Add offline decoding from Stim detector-sample files by kvmto · Pull Request #83 · NVIDIA/Ising-Decoding

kvmto · 2026-05-28T15:31:04Z

Summary

Adds a file-based path that decodes Stim detector samples (samples_{X,Z}.dets + metadata_{X,Z}.json) with the same Ising pre-decoder + PyMatching pipeline used in-memory, plus a generator workflow for reproducible reference inputs.

What's new

qec/surface_code/stim_sample_io.py — on-disk Stim sample contract, with structural and optional noise-fingerprint validation against a rebuilt memory circuit before decoding.
data/predecoder_transform.py — canonical Stim detectors → (trainX, x_syn_diff, z_syn_diff) transform; shared by the file-based datapipe and the buffer-fused GPU module. A parity test in tests/test_offline_stim_decoding.py enforces algorithmic equality.
workflows/run.py — new workflow.task=generate_stim_data and PREDECODER_DECODE_MODE controls: pymatching_only (baseline; loads torch.nn.Identity(), no checkpoint required) and ising_decoding_pymatching (Ising pre-decoder + PyMatching).
scripts/offline_smoketest.sh + tests/test_offline_stim_decoding.py — end-to-end smoke and IO/transform/decoder coverage.
README.md + cookbook/predecoder.ipynb — file contract docs, BYO-samples instructions, generator usage, strict-validation semantics.

Plumbing through data/datapipe_stim.py, data/factory.py, evaluation/{inference,logical_error_rate}.py, export/generate_test_data.py, scripts/local_run.sh; opt-in [Inference Summary] JSON marker via PREDECODER_EMIT_INFERENCE_SUMMARY=1 for downstream tooling.

Validation behaviour

Structural mismatches (distance, rounds, basis, orientation, detector count, observable presence) are always fatal.
Noise mismatches (p_error, noise_model_sha256) are fatal by default; downgrade to warnings with PREDECODER_STIM_STRICT_NOISE=0 (for p_error sweeps / calibration studies).
Files written before the noise-fingerprint fields existed continue to load unchanged.

Smoke test

Ran end-to-end against the shipped checkpoints at both supported windows. Numbers line up with the reference example in README.md.

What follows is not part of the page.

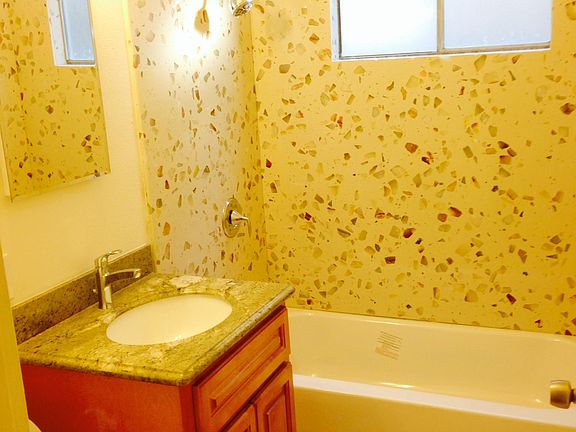 5th image of 976 College Dr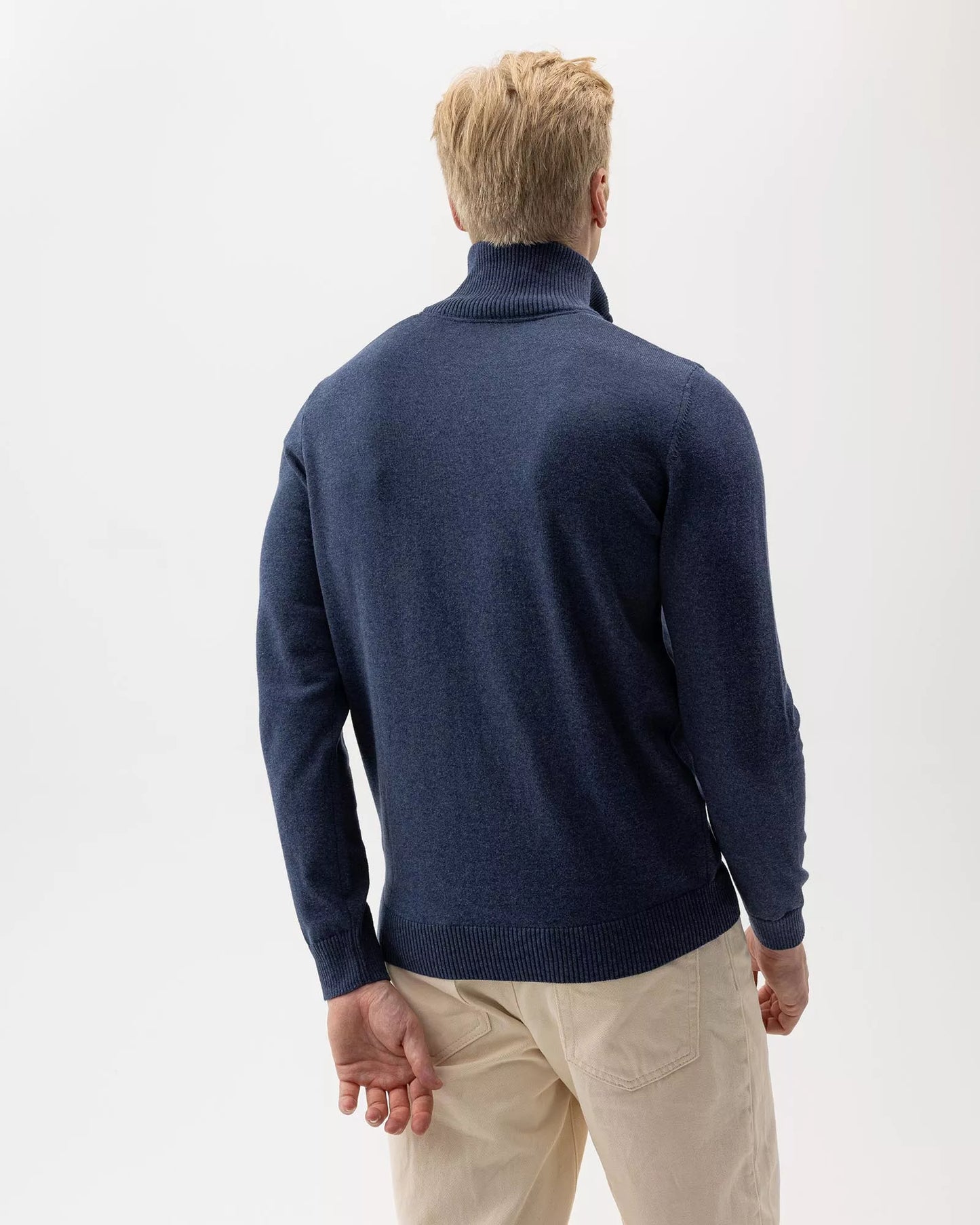 Holebrook Sweden Holger T-Neck, In Chambray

d=7, n_rounds=7, O1, Fast (R=9, model_id=1), 262,144 shots/basis

	No pre-decoder	After pre-decoder
LER X	0.002682	0.002254
LER Z	0.002678	0.002281
LER Avg	0.002680	0.002268
PyMatching latency Avg (µs/round)	0.807	0.445
PyMatching speedup	—	1.813×

d=13, n_rounds=13, O1, Accurate (R=13, model_id=4), 262,144 shots/basis

	No pre-decoder	After pre-decoder
LER X	0.000278	0.000263
LER Z	0.000244	0.000172
LER Avg	0.000261	0.000217
PyMatching latency Avg (µs/round)	2.183	0.976
PyMatching speedup	—	2.237×

Test plan

bash code/scripts/offline_smoketest.sh (d=7, Fast)
Manual run at d=13 with Accurate model
[Inference Summary] JSON marker parses for both decode modes
Metadata fingerprint cross-check fires on rebuild (no false negatives on the matched circuits)
CI: unit-tests (covers new test_offline_stim_decoding.py)
CI: spdx-header-check on all 4 new files

Introduces a file-based path that decodes Stim detector samples (samples_{X,Z}.dets + metadata_{X,Z}.json) with the same Ising pre-decoder + PyMatching pipeline used in-memory, and a generator workflow for reproducible reference inputs. New surface area: - qec/surface_code/stim_sample_io.py: on-disk Stim sample contract, structural + optional noise-fingerprint validation against a rebuilt memory circuit. - data/predecoder_transform.py: canonical Stim detectors -> (trainX, x_syn_diff, z_syn_diff); shared by file-based datapipe and the buffer-fused GPU module (parity test enforces this). - workflows/run.py: workflow.task=generate_stim_data and PREDECODER_DECODE_MODE={pymatching_only, ising_decoding_pymatching}. - scripts/offline_smoketest.sh + tests/test_offline_stim_decoding.py: end-to-end smoke + IO/transform/decoder coverage. - README + cookbook: BYO-samples contract, generator usage, strict-validation semantics. Plumbing in data/datapipe_stim.py, data/factory.py, evaluation/{inference,logical_error_rate}.py, export/generate_test_data.py, scripts/local_run.sh; opt-in [Inference Summary] JSON marker via PREDECODER_EMIT_INFERENCE_SUMMARY=1. Smoke-tested at d=7/n_rounds=7 (Fast, R=9) and d=13/n_rounds=13 (Accurate, R=13); LERs and PyMatching speedup match the reference example in README.md. Signed-off-by: kvmto <kmato@nvidia.com>

Run yapf --style=.style.yapf (based_on_style=google, column_limit=100, dedent_closing_brackets=true, split_before_closing_bracket=true) over the Python files touched by the previous commit. No semantic changes. Signed-off-by: kvmto <kmato@nvidia.com>

bmhowe23

Thanks, Kevin. Most of my comments are about code duplication.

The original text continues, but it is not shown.